Song by Led Zeppelin

from the album Physical Graffiti
- Released: 24 February 1975
- Recorded: February 1971
- Studio: Island Studios, London (Studio One)
- Genre: Country rock
- Length: 5:16
- Label: Swan Song
- Songwriters: Jimmy Page; Robert Plant;
- Producer: Jimmy Page

= Down by the Seaside =

"Down by the Seaside" is a ballad by the English rock band Led Zeppelin, featured on their sixth studio album Physical Graffiti (1975).

==Overview==
The song was written as an acoustic piece by Jimmy Page and Robert Plant at Bron-Yr-Aur, the cottage in Wales where they went after their 1970 concert tours of North America. It was recorded in 1971 as an electric arrangement, intended for release on Led Zeppelin IV, but was held over and eventually placed on Physical Graffiti to complete the double album.

It has been speculated by fanzine writer Dave Lewis that the song was influenced by Neil Young. The song alternates between soft and hard-rocking sections and changes in tempo, with the lighter sections employing a tremolo effect on the guitar, or possibly by running it through a Leslie speaker, to give an 'underwater talking' feel. John Paul Jones plays a Hohner "Electra-Piano" electric piano on the track. "Down by the Seaside" was never performed live at Led Zeppelin concerts.

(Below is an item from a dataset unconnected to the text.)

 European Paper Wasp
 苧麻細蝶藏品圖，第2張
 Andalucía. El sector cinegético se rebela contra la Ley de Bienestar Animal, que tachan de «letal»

Plant later recorded "Down by the Seaside" as a duet with Tori Amos for the 1995 Led Zeppelin tribute album Encomium.

==Reception==
Ultimate Classic Rock writer Michael Gallucci ranked "Down by the Seaside" at number 66 (out of 92) on their list of every Led Zeppelin song ranked. Another UCR writer, Eduardo Rivadavia, ranked the song the ninth best on the album, calling it a "wistful fantasy awash in trembling guitars and bluesy electric piano breakdowns."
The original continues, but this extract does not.